President Obama said he will fight the stereotyping of Muslims.

Shaun Casey is professor of Christian ethics at Wesley Theological Seminary in Washington. He says the president already started in Cairo.

"The president said in his speech that violent extremists represent only a tiny fraction of the Muslim world, and I think that is the distinction that he needs to make," Casey says. "He needs to avoid somehow feeding the stereotype that all Muslims are terrorists, and he needs to spend a lot of energy educating the American public on that distinction and those facts."

There are more than 1,000 mosques and Islamic centers in the United States, serving between five and seven million Muslims.

Amr Ramadan is deputy chief of mission at the Egyptian Embassy in Washington. He says tensions between the Muslim world and the United States are not religious but political.

Muslims, he says, are waiting for President Obama to take steps to solve the Palestinian-Israeli conflict. He says the president's approach requires improving the dialogue between Muslims and non-Muslims.

"One very positive consequence after the speech in Cairo is that many Christians in America are engaging with American Muslims and trying to talk more on religious and cultural issues.

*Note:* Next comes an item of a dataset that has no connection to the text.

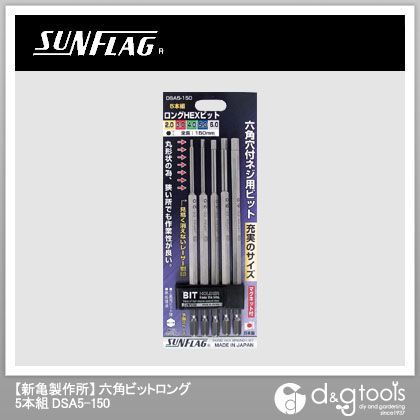 六角ロングヘックスビット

We have seen that starting."

Nihad Awad is executive director of the Council on American-Islamic Relations. He says President Obama should speak out against anti-Muslim rhetoric and discrimination against Muslims.

"We should have [a] clear stance by the U.S. government and intellectual leaders to fight against Islamophobia and anti-Muslim discrimination that has been rampant after 9/11."

Muslim activists, like pop star Youssef Islam, once known as Cat Stevens, have been barred from the United States, although recently Islam was admitted.

Awad says U.S. visa policies should be changed to allow Muslim intellectuals and business leaders to travel to America without fear of harassment at points of entry.

Awad notes that President Obama cannot act alone and Congress must help to fix the damage done to U.S.-Muslim relations over the past several years.